- Based on today's mortgage rates, a 5/1 ARM could save you money.
- If you're going to get an adjustable-rate mortgage, it's important to recognize the downside involved.
It may seem like a good option, but there are risks to consider, too.
It's no secret that mortgage rates have risen astronomically since the start of the year. The reason for that is twofold. First, rates were so low from mid-2020 through the end of 2021 that something was apt to give. And also, the Federal Reserve has been moving forward with rate hikes in an effort to quell inflation.
Now the Fed doesn't dictate what rates consumers are charged on a mortgage. In fact, the Fed doesn't set any consumer borrowing rates. Rather, it oversees the federal funds rate, which is what banks charge one another for short-term borrowing. But when the Fed raises rates, consumer interest rates tend to follow suit, so borrowers are now looking at spending more money to take out a mortgage.
If you're looking to get a mortgage, you may be interested in a 5/1 ARM. That way, you'll lock in a lower interest on your loan for at least five years compared to what you'll pay for a fixed-rate loan. But while an adjustable-rate mortgage might seem like a good option right about now, there's a big drawback to consider.
There are pros and cons at play
Right now, the average 30-year mortgage rate is 5.449%. Meanwhile, the average 5/1 ARM rate is 4.547%. At a difference of roughly 1 percentage point, a 5/1 ARM could result in significant savings -- at least initially.
But when you sign a 5/1 ARM, you're only guaranteed your initial interest rate for the first five years. Once that period expires, your loan's interest rate could adjust once a year.

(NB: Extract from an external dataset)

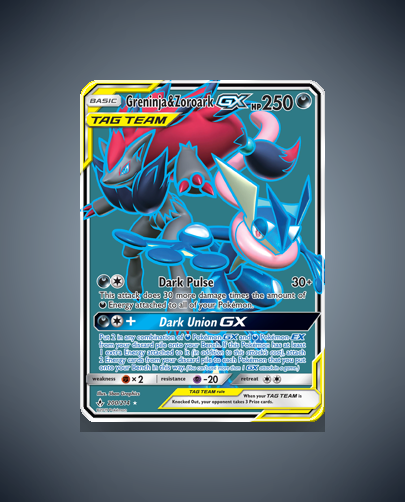 Collector’s Guide: Greninja & Zoroark-GX (Unbroken Bonds #200)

Now here's the tricky thing. When you sign an adjustable-rate mortgage, there's a chance your rate could drop over time rather than rise. But you'll need to be prepared for the opposite to happen, and for your mortgage to get more expensive over time.
Is a 5/1 ARM right for you?
If you're buying a starter home, then a 5/1 ARM could actually be a good choice. There are no rules as to how long you stay in a starter home -- it's up to you. But if you're buying a starter home, there's a good chance you'll upsize after five years, and that makes a 5/1 ARM a safer bet. Once you sell your home, you'll need a new mortgage anyway, so you won't necessarily have to deal with your interest rate rising.
On the other hand, some people buy a starter home that they end up living in for a decade or longer. And so if you sign a 5/1 ARM, you might get stuck with higher interest on your mortgage down the line.
Plus, if you're buying what you believe is your forever home, then signing a fixed-rate loan may be a safer bet. That way, you're guaranteed the same rate and won't have to worry about it moving higher over time.
Another thing to consider is that you can always sign a 5/1 ARM and refinance if it becomes too expensive down the line. Granted, we don't know what refinance rates will look like in five years. But either way, if you opt for a 5/1 ARM, you're not necessarily stuck with it. That's something to think about as you weigh your borrowing options.